(Crawled caption data)
---+---

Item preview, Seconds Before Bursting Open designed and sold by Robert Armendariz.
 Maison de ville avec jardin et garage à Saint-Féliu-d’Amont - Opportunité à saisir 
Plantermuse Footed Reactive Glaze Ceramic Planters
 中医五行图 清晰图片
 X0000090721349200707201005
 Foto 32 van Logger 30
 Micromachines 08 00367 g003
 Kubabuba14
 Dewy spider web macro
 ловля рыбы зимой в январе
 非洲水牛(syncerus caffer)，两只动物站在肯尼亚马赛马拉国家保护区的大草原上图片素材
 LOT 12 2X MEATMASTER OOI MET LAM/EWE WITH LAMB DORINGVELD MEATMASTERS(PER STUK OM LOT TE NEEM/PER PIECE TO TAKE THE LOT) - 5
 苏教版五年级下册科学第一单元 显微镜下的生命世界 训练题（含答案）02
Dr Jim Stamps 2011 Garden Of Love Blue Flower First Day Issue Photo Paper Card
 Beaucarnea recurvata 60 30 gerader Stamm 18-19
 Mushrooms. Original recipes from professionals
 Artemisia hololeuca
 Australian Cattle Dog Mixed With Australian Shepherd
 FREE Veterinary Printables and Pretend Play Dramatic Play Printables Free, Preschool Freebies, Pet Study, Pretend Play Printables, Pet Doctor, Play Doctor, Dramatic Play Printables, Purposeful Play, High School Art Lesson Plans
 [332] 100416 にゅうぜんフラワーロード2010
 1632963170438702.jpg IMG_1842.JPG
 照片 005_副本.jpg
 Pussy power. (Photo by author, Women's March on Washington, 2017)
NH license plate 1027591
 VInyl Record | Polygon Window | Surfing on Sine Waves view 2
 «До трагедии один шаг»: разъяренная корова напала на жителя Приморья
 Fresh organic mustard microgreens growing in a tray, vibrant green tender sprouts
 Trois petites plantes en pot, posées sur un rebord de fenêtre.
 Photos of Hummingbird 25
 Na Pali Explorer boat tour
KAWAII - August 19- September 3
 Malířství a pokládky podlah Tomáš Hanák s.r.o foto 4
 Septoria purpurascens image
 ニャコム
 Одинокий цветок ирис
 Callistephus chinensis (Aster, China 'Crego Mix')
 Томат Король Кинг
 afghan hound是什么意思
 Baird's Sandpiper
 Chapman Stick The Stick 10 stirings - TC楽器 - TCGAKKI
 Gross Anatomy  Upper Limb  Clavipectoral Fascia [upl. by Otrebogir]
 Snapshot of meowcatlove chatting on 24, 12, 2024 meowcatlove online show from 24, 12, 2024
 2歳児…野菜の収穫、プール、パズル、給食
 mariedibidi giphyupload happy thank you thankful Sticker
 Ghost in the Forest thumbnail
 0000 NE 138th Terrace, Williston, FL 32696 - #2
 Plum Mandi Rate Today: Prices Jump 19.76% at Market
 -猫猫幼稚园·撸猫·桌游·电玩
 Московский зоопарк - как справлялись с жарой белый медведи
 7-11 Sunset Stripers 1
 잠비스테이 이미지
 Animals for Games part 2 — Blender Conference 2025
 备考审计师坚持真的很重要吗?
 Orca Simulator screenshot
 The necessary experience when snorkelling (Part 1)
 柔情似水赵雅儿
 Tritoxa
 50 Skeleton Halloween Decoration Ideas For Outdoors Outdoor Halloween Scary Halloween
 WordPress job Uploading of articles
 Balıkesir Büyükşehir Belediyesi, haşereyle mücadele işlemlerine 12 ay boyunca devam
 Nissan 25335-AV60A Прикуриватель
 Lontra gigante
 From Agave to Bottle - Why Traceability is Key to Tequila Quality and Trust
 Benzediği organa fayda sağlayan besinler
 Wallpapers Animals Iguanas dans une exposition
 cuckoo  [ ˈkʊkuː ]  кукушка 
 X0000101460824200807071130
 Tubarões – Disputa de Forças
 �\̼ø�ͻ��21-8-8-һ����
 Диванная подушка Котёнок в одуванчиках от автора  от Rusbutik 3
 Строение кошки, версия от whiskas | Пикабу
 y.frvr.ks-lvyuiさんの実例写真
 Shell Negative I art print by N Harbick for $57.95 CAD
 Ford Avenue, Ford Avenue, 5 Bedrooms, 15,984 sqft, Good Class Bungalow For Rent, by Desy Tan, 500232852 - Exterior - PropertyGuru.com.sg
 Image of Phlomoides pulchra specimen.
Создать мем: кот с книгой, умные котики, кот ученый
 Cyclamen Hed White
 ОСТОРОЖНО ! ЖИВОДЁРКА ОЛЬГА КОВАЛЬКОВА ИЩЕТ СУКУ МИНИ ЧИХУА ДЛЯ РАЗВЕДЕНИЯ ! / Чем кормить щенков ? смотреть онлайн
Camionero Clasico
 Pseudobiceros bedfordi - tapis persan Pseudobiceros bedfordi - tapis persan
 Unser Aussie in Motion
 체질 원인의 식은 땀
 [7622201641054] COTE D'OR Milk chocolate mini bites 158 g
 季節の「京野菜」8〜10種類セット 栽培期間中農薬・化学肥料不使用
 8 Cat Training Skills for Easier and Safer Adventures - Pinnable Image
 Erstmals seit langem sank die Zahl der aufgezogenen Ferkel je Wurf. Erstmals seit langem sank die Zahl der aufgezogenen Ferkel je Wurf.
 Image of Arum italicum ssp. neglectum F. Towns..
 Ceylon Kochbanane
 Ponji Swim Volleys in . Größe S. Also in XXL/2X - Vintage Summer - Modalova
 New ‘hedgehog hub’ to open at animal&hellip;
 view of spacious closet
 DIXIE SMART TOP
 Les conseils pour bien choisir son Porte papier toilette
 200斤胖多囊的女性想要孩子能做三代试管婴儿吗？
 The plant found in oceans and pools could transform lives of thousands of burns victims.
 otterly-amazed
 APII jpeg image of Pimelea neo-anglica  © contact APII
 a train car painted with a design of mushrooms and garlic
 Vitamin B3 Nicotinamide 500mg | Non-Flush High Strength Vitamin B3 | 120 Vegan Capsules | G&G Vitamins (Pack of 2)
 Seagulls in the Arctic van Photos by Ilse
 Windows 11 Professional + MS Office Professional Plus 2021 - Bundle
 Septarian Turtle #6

---+---

* What you are asked to do:
Beginning with the top line of the data above, output every line exactly until the one that contains "苏教版五年级下册科学第一单元 显微镜下的生命世界 训练题（含答案）02", and include that one too.

* Solution:
Item preview, Seconds Before Bursting Open designed and sold by Robert Armendariz.
 Maison de ville avec jardin et garage à Saint-Féliu-d’Amont - Opportunité à saisir 
Plantermuse Footed Reactive Glaze Ceramic Planters
 中医五行图 清晰图片
 X0000090721349200707201005
 Foto 32 van Logger 30
 Micromachines 08 00367 g003
 Kubabuba14
 Dewy spider web macro
 ловля рыбы зимой в январе
 非洲水牛(syncerus caffer)，两只动物站在肯尼亚马赛马拉国家保护区的大草原上图片素材
 LOT 12 2X MEATMASTER OOI MET LAM/EWE WITH LAMB DORINGVELD MEATMASTERS(PER STUK OM LOT TE NEEM/PER PIECE TO TAKE THE LOT) - 5
 苏教版五年级下册科学第一单元 显微镜下的生命世界 训练题（含答案）02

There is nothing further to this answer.